_DATA IN THIS EXERCISE_
# # #

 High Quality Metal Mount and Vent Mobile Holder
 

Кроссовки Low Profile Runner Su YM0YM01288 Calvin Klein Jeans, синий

# # #

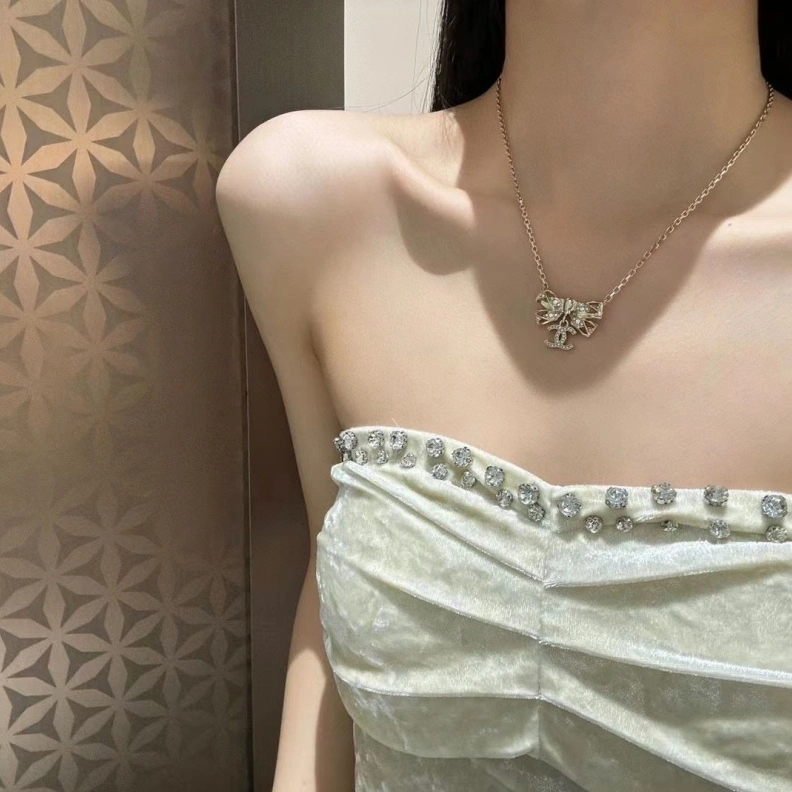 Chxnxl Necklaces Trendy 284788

# # #

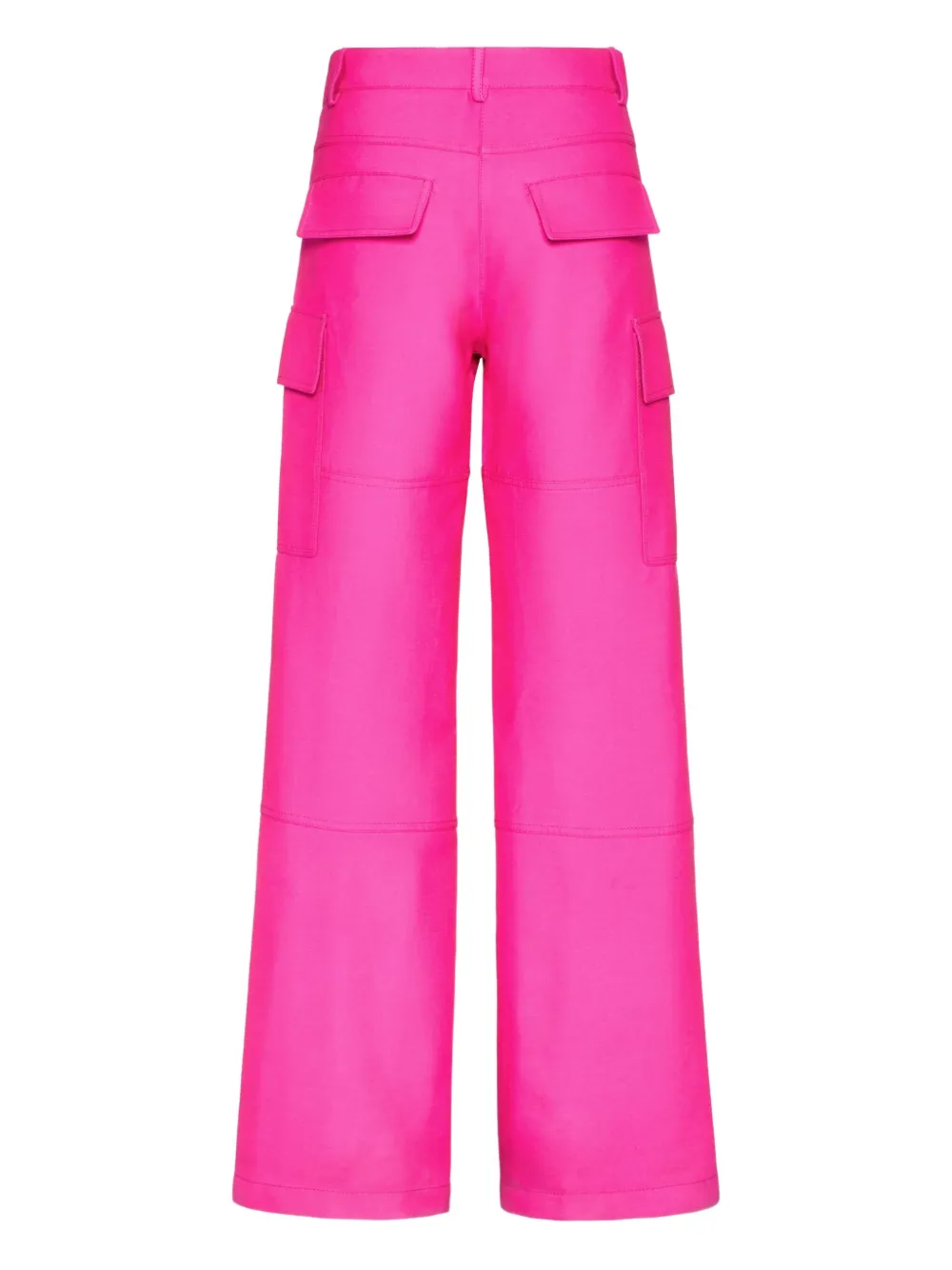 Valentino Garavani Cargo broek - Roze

# # #

_EXERCISE DESCRIPTION_
Within the listing above, the range opens at the line with "High Quality Metal" and closes at the line with "Кроссовки Low Profile". Reproduce exactly the lines of that range, including both ends.

_TASK SOLUTION_
 High Quality Metal Mount and Vent Mobile Holder
 

Кроссовки Low Profile Runner Su YM0YM01288 Calvin Klein Jeans, синий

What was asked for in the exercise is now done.